I love Fridays.  There is something wonderful about a teaching day that is flexible, full, and ready for whatever learning opportunity is needed.  My plan book was blank today, but I knew just what learning would support the learners in our class today.  We didn’t squander a single minute…and left inspired and ready…for more learning, for spring break, and for our 30-day poetry challenge!

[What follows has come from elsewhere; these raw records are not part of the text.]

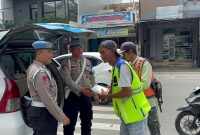Si Propam Polres Garut berbagi dengan sesama, (Foto:Istimewa).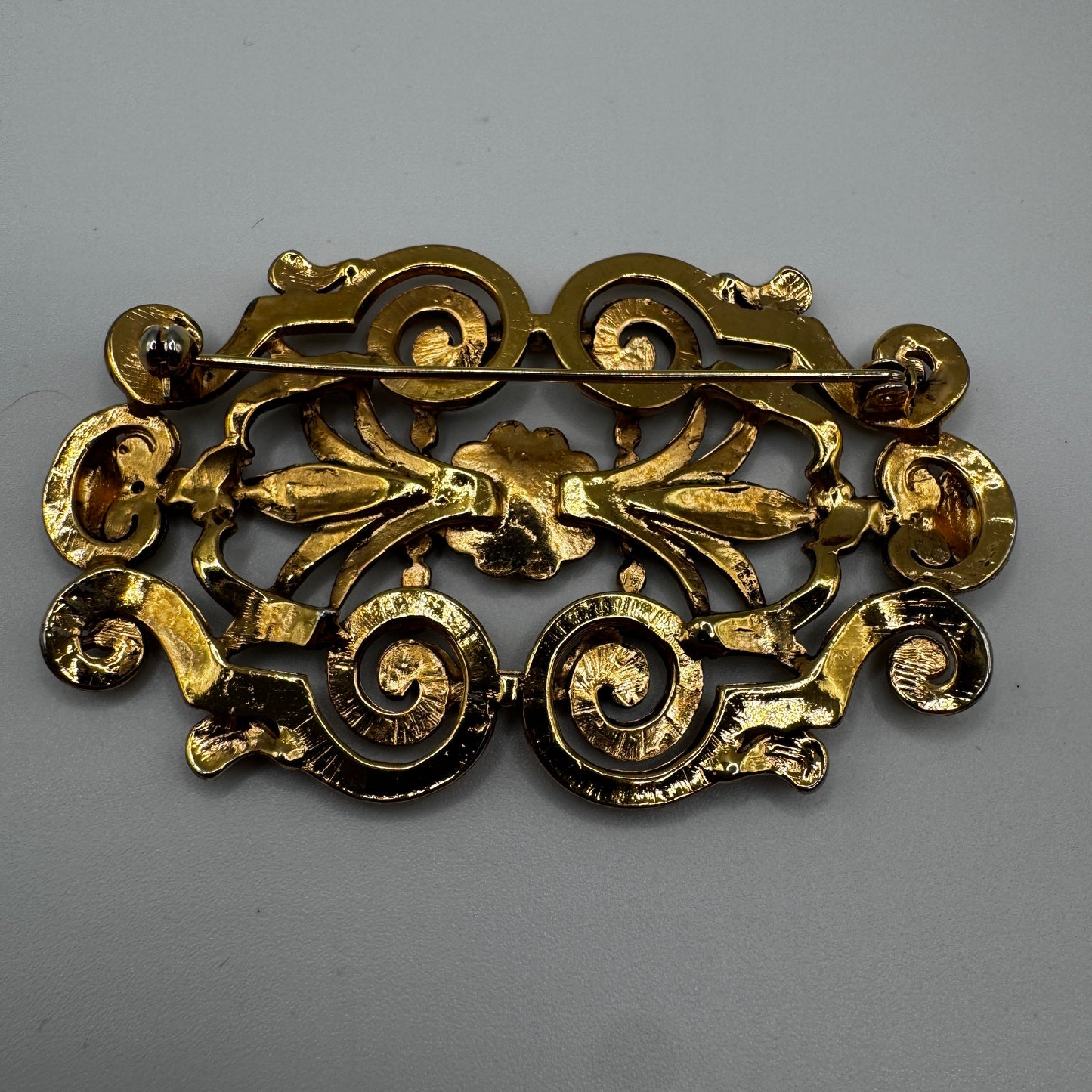 Grande Broche Vintage - métal doré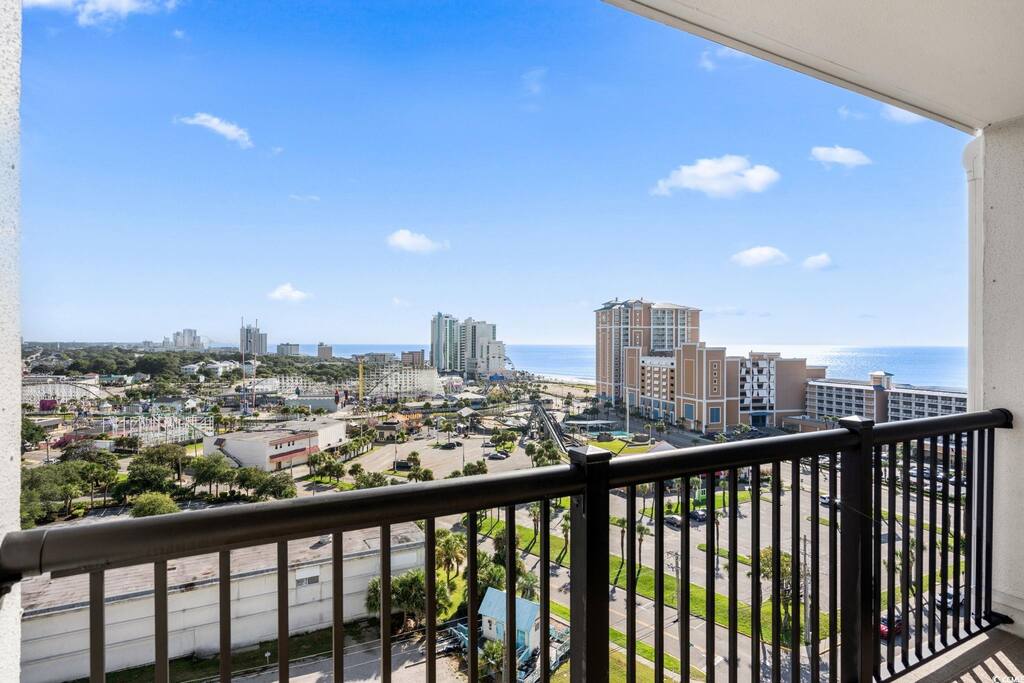 Oceanview Condo Enjoy amazing views Myrtle Beach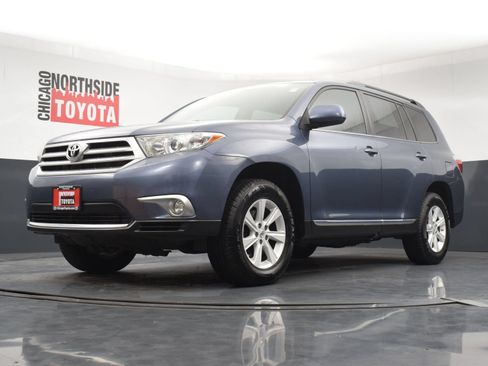 Used 2012 Toyota Highlander FWD w/ Tech Pkg image 35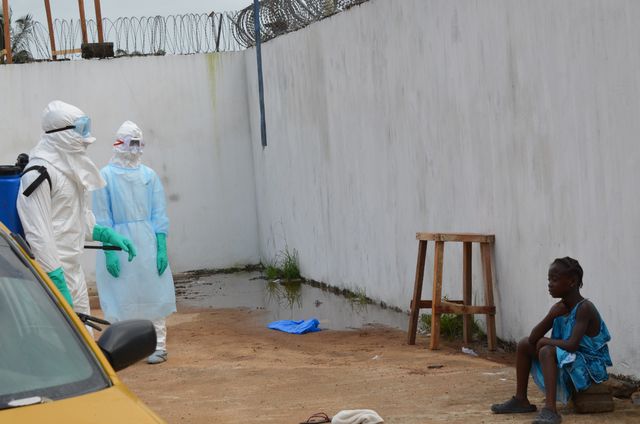 Либерия — западноафриканское государство, наиболее пострадавшее от эпидемии, бушующей в регионе с начала нынешнего года. Всего с февраля этого года более 5,8 тысяч человек заразились вирусом Эбола в Либерии, Сьерра-Леоне, Гвинее, Нигерии и Сенегале. Число жертв этого опасного заболевания превысило 2,8 тысячи. Фото: AFP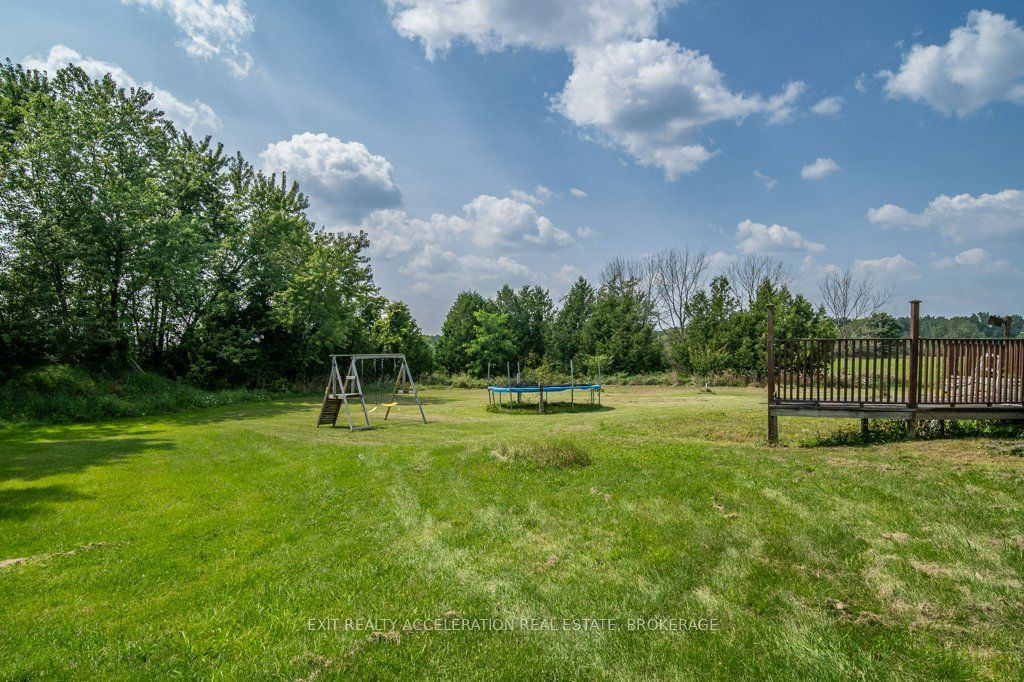 595 Craigen Road Property Photo 37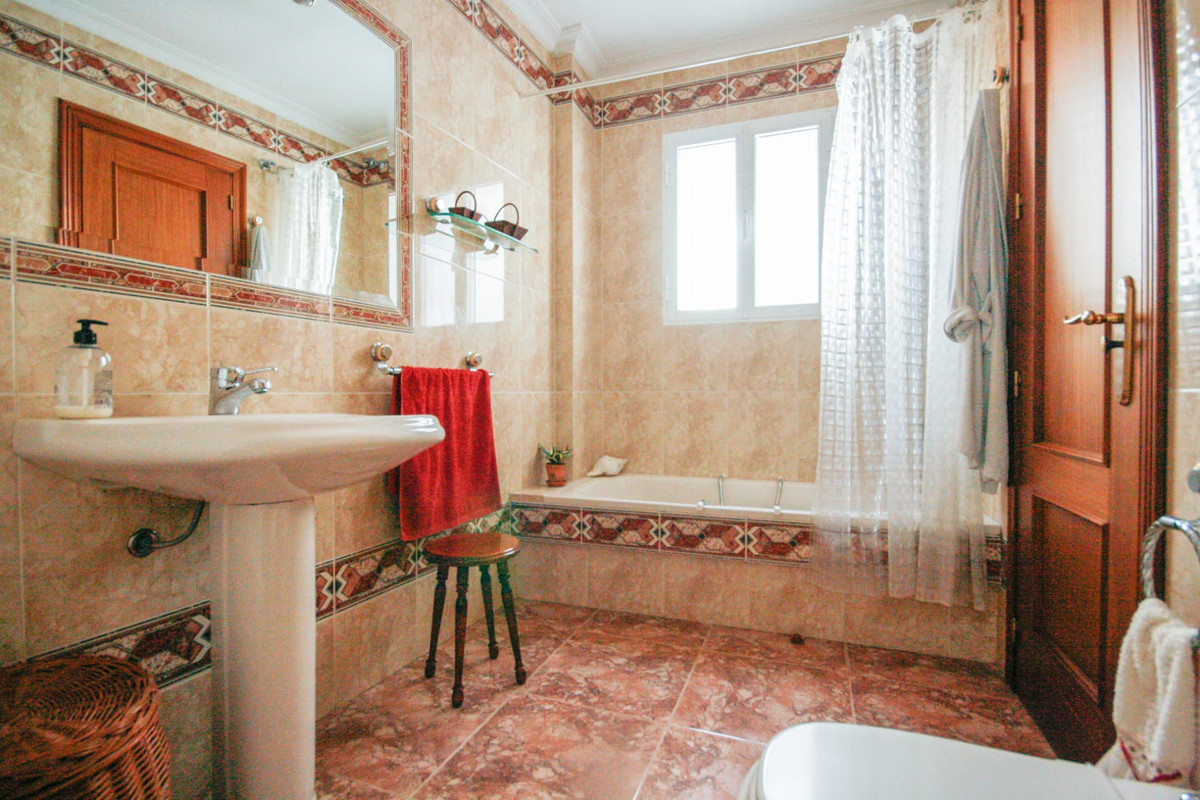 Se vende Adosada de 5 dormitorios en Costa Del Sol, Málaga, España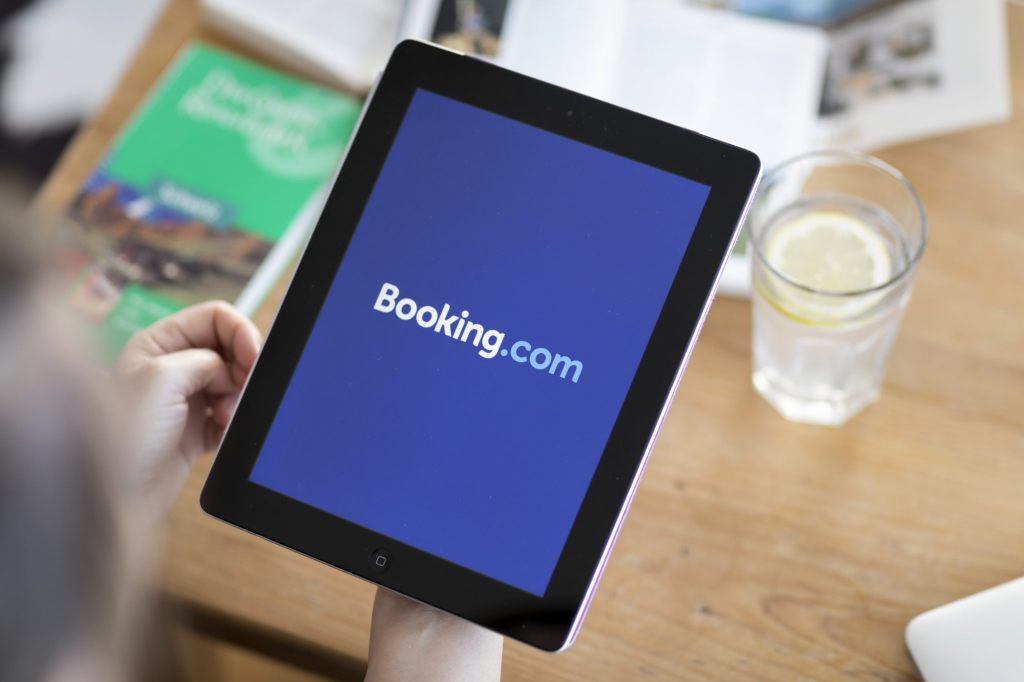 Booking.com muss «missbräuchlich» hohe Kommissionssätze in der Schweiz senken
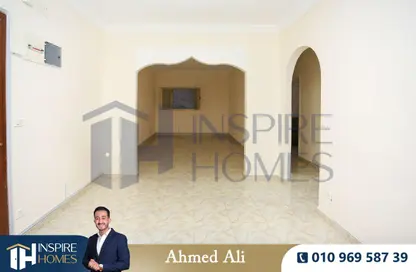 Apartment - 3 Bedrooms - 1 Bathroom for sale in Tout Ankh Amoun St. - Smouha - Hay Sharq - Alexandria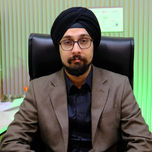 Dr Navjot Arora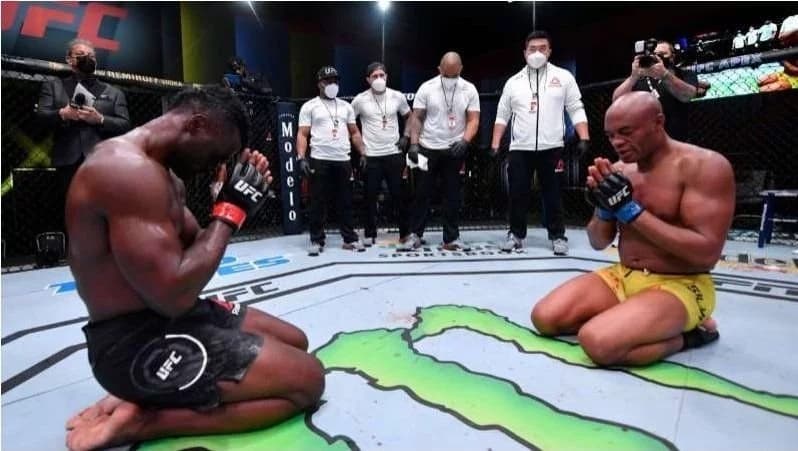Hall se ajoelha, chora e pede desculpas após nocautear ídolo Anderson Silva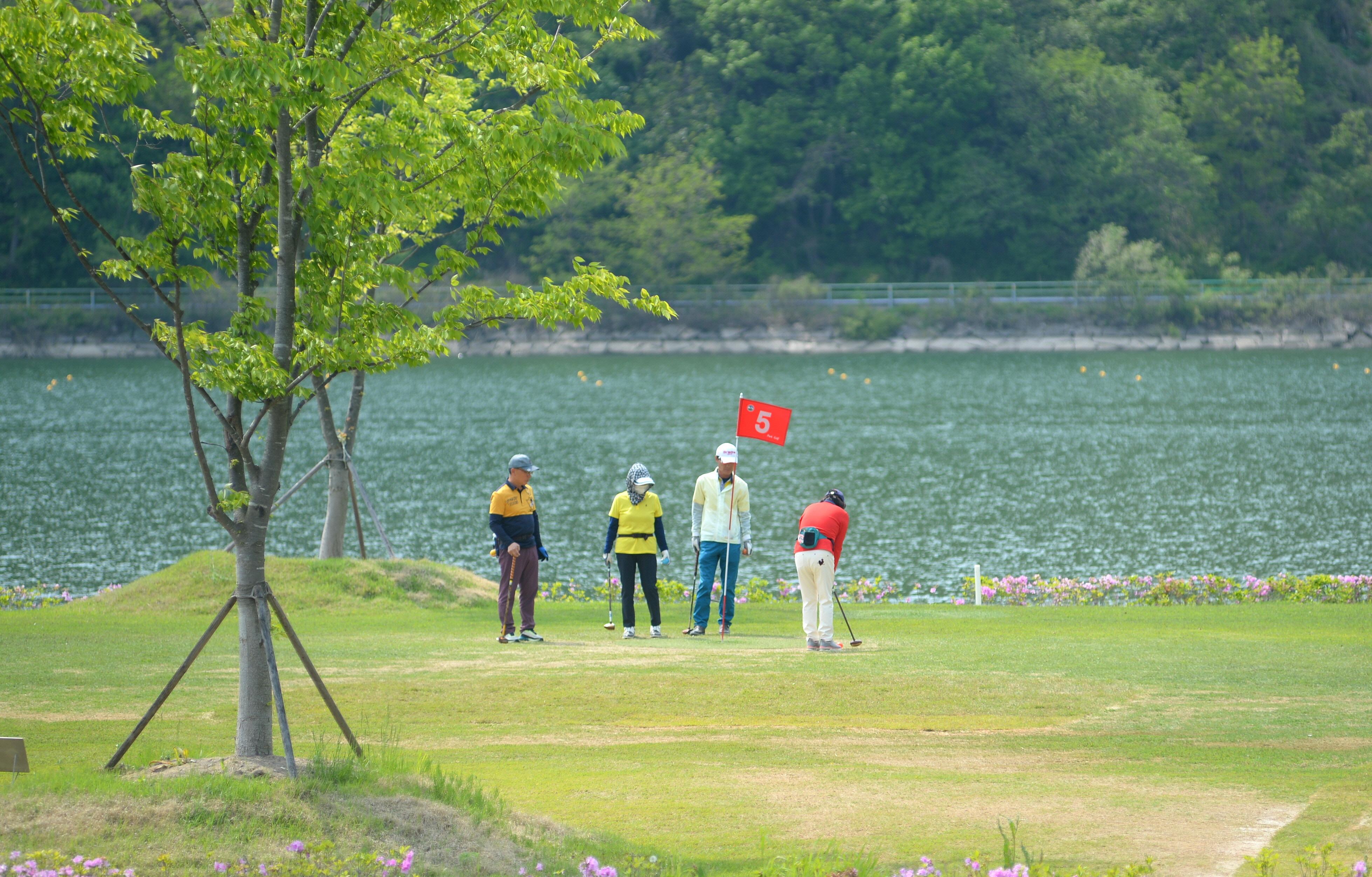 2023 산천어파크골프장 의 사진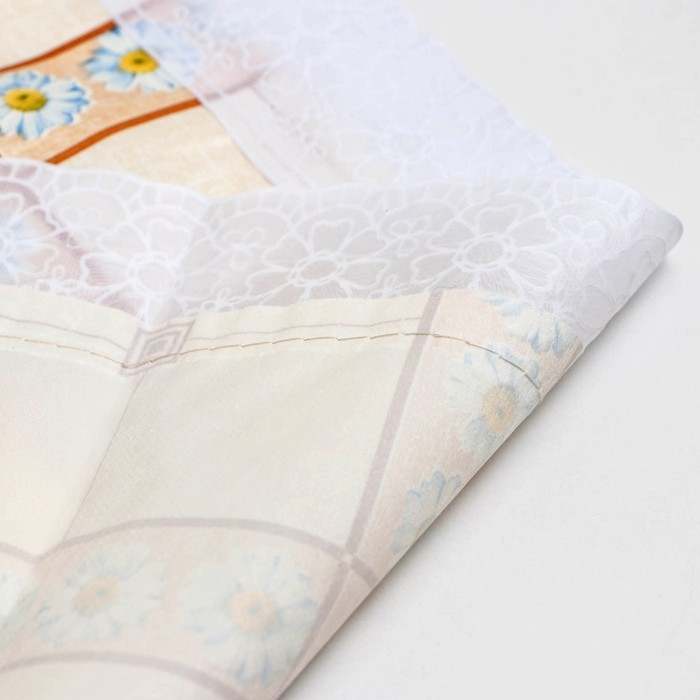 Скатерть на нетканой основе многоразовая с кружевом «Колорит», 135×200(+/-5) см, цвет микс Скатерть на нетканой основе многоразовая с кружевом «Колорит», 135×200(+/-5) см, цвет микс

My time in the garden yesterday stayed with me today.  I was thinking about bees and the work they do.  As I wrote today (waiting for a table to be ready for us for dinner), I realized that teachers are a lot like bees.  The work we do is often perceived as unremarkable, the day in day out attending to a series of seemingly small skills that add up to fueling all of the professions in our country.  Like bees and pollination, teaching is work that matters in so many ways but seems so inconsequential in its dailiness.  As teachers, we pollinate the future, growing the innovators, the designers, the architects, the scientists, the work force of the future.  I’ve learned to appreciate bees, and I know that teachers are appreciated in many circles, but the teaching profession tends to be under appreciated and misunderstood in our larger society.  Enough from my soapbox, here’s today’s poem:

Bees

Cellophane wings

with invisible speed

buzz buzz

carry fuzzy pollinators

from bloom to bloom

buzz buzz

doing unremarkable work

that matters

to all of us

buzz buzz

pollinating the future

Douillard 2018

bees

I can feel the pollination of poetry taking hold in the classroom.  Students came in to school this morning ready to share poems they had worked on at home overnight.  Here’s a little collection to enjoy!

Trees

Tall, lanky branches

stretch out

like fireworks,

leaves explode into different colors

throughout seasons,

roots grapple to find water in the dry soil.

After getting old

the bark shreds off,

like a snake shedding its skin.

The branches that used to be fireworks

slowly snap, then fall

and break into pieces of branch and twig.

Koa

Avi's tree

The Giant

The giant soars above me

towering over the town

the giant’s arms glide against the wind

over everything in the park

the calm surrounds me

as the roots dig deeper into the ground.

silently watching everything

Photo and poem by Avi

And something playful…

siena's hula hoop

A Hula Hoop

It twirls like never before
it dances like a ballerina
it spins like a dreidel

When it falls it gets back up

Photo and poem by Siena

It’s officially spring break…I can’t wait to see how the poetry momentum sustains when we are away from school!